_Image-caption web data_
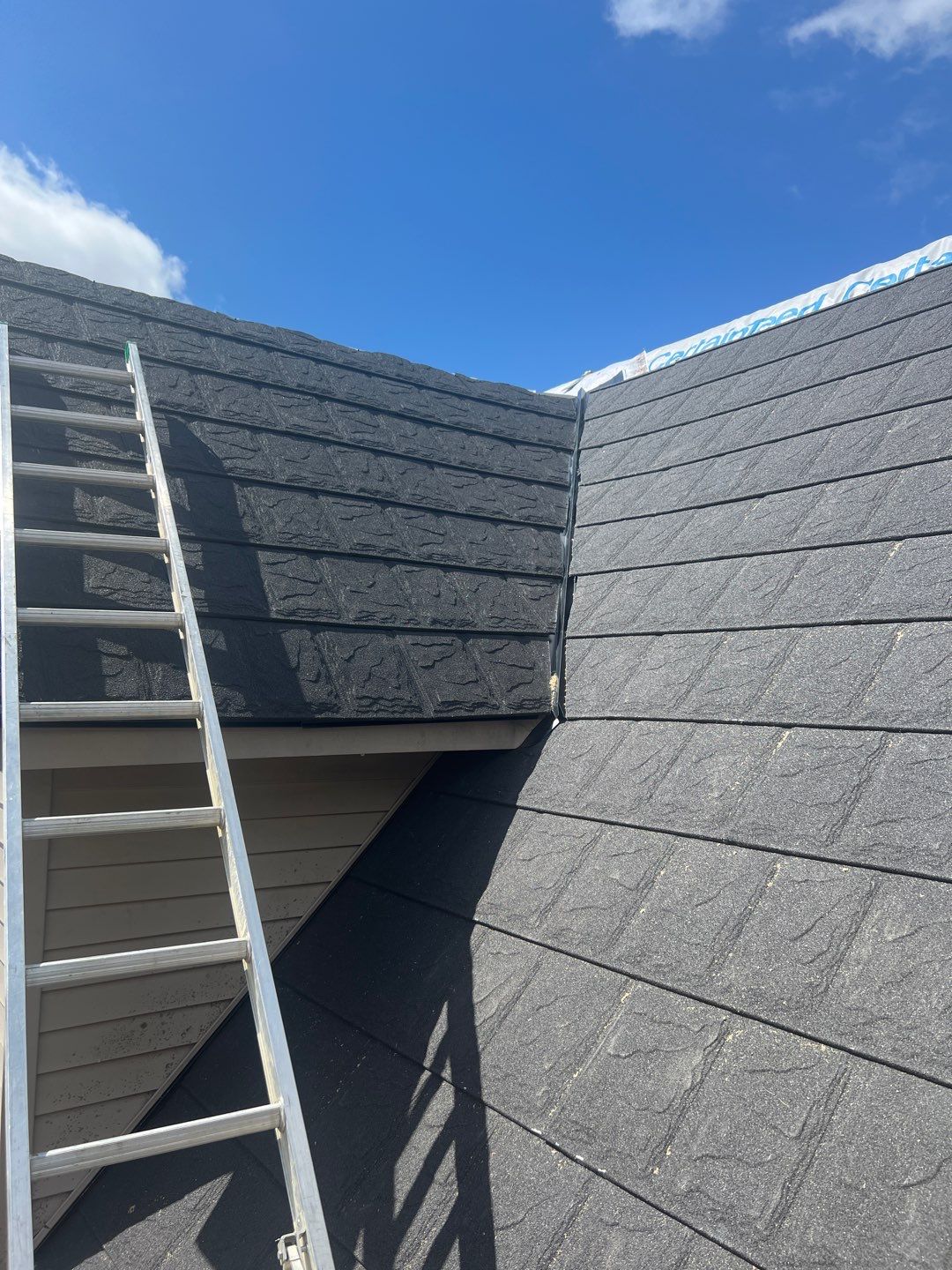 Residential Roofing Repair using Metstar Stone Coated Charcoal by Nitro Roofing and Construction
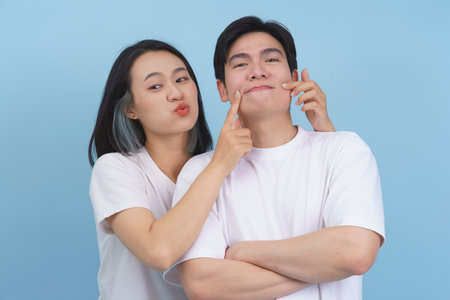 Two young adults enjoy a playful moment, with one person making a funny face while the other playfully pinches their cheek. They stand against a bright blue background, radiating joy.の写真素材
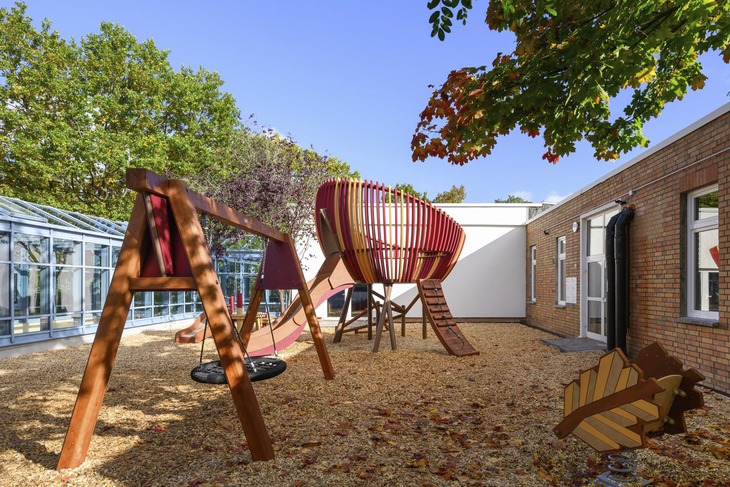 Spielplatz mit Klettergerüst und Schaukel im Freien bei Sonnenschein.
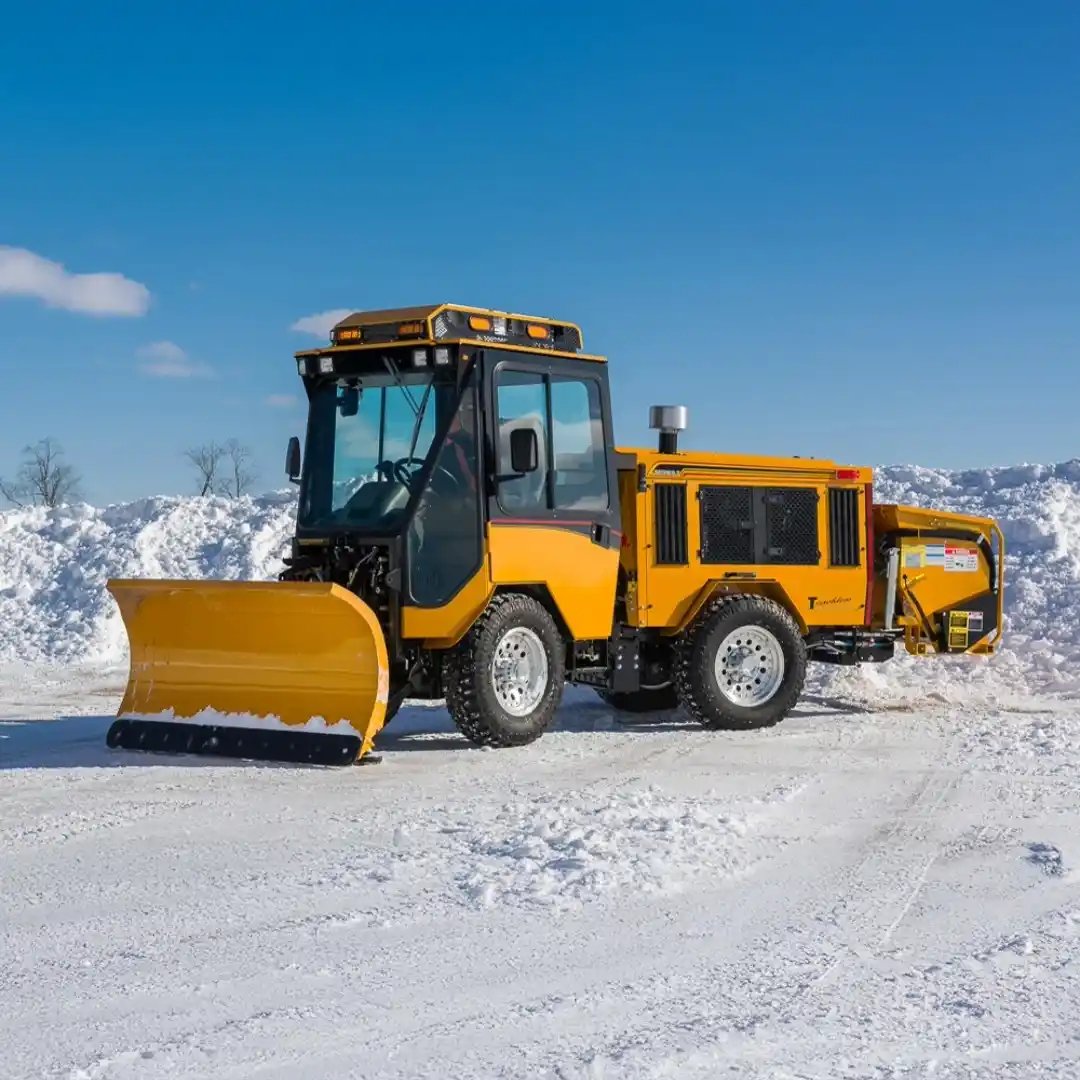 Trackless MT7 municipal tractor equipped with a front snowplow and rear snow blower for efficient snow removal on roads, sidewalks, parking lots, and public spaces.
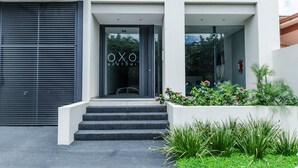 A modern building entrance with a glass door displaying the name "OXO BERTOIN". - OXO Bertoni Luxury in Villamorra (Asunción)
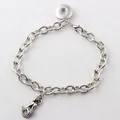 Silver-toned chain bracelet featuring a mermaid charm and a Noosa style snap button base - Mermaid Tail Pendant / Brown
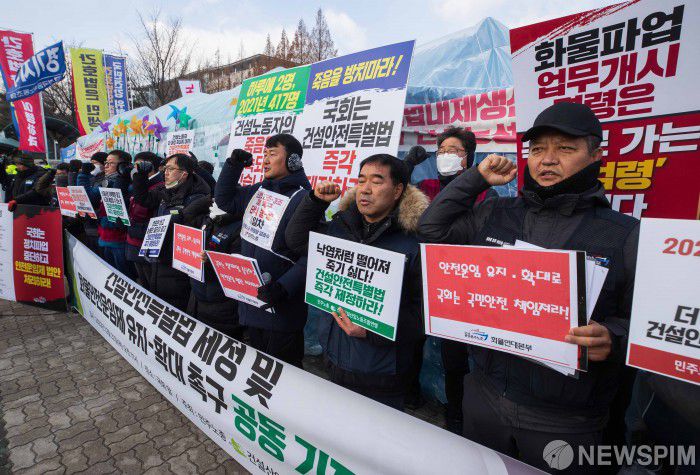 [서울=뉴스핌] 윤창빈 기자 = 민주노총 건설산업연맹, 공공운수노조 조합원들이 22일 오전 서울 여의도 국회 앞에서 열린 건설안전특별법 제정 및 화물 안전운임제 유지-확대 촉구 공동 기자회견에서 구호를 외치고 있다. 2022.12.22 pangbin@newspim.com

_The task_
Leave the pictures out and output all of the data verbatim.

_Result for this task_
 Residential Roofing Repair using Metstar Stone Coated Charcoal by Nitro Roofing and Construction
 Two young adults enjoy a playful moment, with one person making a funny face while the other playfully pinches their cheek. They stand against a bright blue background, radiating joy.の写真素材
 Spielplatz mit Klettergerüst und Schaukel im Freien bei Sonnenschein.
 Trackless MT7 municipal tractor equipped with a front snowplow and rear snow blower for efficient snow removal on roads, sidewalks, parking lots, and public spaces.
 A modern building entrance with a glass door displaying the name "OXO BERTOIN". - OXO Bertoni Luxury in Villamorra (Asunción)
 Silver-toned chain bracelet featuring a mermaid charm and a Noosa style snap button base - Mermaid Tail Pendant / Brown
 [서울=뉴스핌] 윤창빈 기자 = 민주노총 건설산업연맹, 공공운수노조 조합원들이 22일 오전 서울 여의도 국회 앞에서 열린 건설안전특별법 제정 및 화물 안전운임제 유지-확대 촉구 공동 기자회견에서 구호를 외치고 있다. 2022.12.22 pangbin@newspim.com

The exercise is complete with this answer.